Data →
——
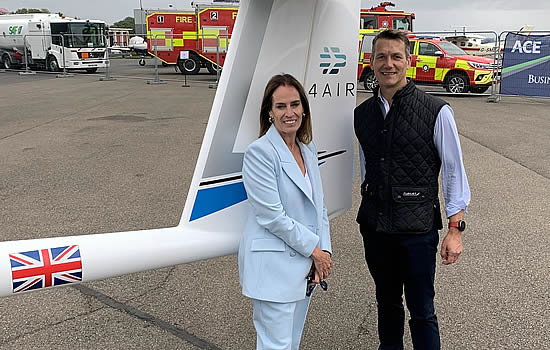 Nancy Bsales, COO, 4Air and Adam Twidell, Furure of Flight and Pipistrel Velis Electro pilot, Flexjet UK.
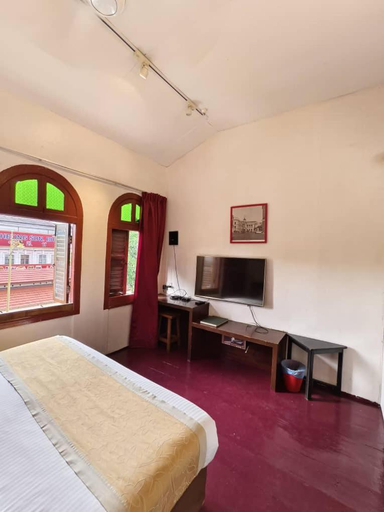 Bedroom 12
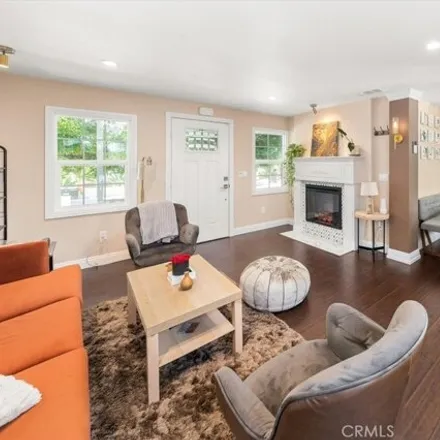 Image 7 - 6073 Crestwood Way, Los Angeles, CA 90042, USA - House for sale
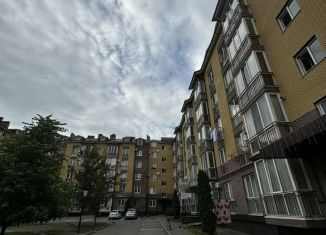 Продам 3-комнатную квартиру, 96 м2, Владикавказ, улица Шамиля Джикаева, 5А, 18-й микрорайон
——
Required work → Retype the listing exactly and drop the pictures.

Response below →
 Nancy Bsales, COO, 4Air and Adam Twidell, Furure of Flight and Pipistrel Velis Electro pilot, Flexjet UK.
 Bedroom 12
 Image 7 - 6073 Crestwood Way, Los Angeles, CA 90042, USA - House for sale
 Продам 3-комнатную квартиру, 96 м2, Владикавказ, улица Шамиля Джикаева, 5А, 18-й микрорайон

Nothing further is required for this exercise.